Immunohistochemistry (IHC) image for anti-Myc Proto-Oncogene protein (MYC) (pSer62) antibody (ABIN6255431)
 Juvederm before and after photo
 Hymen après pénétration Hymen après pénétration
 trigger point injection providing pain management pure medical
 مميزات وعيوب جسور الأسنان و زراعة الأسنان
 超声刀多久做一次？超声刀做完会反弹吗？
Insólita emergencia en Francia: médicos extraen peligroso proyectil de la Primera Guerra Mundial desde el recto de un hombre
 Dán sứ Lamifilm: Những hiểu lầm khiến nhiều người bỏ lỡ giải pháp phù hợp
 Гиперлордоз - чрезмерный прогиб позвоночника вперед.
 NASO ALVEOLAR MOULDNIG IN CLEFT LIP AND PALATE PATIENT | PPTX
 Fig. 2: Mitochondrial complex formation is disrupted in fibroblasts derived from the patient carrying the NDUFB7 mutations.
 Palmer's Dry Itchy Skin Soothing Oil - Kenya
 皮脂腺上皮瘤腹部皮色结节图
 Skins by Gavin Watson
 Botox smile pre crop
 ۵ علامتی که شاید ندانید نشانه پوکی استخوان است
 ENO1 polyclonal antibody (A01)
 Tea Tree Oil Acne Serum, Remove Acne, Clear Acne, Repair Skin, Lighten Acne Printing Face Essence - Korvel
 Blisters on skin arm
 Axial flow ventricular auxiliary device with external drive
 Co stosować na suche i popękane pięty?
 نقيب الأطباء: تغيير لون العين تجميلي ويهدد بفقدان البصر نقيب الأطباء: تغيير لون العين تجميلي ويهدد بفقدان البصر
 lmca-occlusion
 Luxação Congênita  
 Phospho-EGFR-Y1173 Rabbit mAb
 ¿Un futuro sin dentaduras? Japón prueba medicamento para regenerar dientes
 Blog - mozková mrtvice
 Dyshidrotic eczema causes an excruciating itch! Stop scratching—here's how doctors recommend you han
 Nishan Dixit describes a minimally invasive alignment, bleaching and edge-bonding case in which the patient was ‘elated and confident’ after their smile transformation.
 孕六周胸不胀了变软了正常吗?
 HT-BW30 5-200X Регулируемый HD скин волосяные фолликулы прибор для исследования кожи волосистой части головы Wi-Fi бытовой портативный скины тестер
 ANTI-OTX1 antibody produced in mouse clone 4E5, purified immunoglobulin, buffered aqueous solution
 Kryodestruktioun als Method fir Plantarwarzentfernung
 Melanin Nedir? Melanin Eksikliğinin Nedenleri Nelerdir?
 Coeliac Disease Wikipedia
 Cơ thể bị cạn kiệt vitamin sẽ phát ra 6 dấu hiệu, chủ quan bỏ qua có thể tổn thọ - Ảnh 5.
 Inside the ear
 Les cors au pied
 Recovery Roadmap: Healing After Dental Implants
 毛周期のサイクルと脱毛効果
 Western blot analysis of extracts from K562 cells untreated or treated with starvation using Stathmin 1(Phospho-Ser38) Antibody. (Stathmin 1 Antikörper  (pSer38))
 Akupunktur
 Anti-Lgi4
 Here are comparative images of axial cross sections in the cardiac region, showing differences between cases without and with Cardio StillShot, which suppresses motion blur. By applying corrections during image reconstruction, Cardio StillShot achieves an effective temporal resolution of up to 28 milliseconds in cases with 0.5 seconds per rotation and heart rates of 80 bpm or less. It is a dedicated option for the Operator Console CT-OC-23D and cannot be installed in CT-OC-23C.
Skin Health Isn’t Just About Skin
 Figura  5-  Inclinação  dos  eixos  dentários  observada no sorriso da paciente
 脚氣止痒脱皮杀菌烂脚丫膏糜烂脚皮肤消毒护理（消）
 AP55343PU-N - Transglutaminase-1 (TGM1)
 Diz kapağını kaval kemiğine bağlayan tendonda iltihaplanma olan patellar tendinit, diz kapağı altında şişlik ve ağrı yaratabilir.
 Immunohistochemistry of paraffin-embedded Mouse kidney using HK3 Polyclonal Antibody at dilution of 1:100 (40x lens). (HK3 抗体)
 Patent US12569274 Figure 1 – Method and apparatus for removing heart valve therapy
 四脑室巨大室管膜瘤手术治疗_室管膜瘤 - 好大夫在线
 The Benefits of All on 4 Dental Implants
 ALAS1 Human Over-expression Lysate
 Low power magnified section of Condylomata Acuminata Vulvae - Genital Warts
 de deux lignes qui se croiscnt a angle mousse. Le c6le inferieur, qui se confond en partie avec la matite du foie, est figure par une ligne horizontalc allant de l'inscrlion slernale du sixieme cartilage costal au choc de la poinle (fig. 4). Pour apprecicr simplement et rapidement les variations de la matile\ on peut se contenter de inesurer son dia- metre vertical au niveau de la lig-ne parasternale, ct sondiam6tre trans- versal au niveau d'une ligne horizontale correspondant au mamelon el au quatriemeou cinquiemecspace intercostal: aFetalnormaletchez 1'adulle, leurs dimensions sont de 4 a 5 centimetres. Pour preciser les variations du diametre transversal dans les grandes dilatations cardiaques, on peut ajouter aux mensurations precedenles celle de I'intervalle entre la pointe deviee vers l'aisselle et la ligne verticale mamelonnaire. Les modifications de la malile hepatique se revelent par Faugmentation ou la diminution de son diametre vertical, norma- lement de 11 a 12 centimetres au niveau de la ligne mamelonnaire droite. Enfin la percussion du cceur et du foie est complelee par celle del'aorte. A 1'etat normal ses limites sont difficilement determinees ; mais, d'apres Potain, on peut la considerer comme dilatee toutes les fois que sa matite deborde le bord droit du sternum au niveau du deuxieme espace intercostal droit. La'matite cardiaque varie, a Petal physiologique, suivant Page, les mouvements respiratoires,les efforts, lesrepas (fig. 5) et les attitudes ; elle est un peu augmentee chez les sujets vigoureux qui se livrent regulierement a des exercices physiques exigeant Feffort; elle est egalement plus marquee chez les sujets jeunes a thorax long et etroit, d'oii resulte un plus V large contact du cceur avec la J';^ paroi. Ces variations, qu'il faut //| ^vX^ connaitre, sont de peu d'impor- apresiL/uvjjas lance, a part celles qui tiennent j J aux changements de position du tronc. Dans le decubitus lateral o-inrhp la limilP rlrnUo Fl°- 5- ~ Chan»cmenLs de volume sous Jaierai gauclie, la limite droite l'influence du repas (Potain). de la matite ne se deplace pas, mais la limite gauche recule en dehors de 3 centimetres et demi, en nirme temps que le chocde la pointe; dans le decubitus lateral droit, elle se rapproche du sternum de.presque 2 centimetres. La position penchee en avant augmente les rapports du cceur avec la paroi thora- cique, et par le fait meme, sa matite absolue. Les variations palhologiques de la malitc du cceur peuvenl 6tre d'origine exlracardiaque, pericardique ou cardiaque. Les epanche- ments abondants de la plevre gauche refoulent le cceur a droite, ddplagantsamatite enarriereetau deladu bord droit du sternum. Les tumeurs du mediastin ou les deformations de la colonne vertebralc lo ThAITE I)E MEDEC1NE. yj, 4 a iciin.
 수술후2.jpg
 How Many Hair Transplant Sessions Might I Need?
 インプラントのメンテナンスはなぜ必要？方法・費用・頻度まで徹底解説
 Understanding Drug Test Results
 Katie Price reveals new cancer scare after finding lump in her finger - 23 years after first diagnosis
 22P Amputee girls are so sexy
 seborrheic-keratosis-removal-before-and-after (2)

··········

* [Problem to solve] Pull every line that holds the string "Dental" out of the records.

* [Exercise output]
 Recovery Roadmap: Healing After Dental Implants
 The Benefits of All on 4 Dental Implants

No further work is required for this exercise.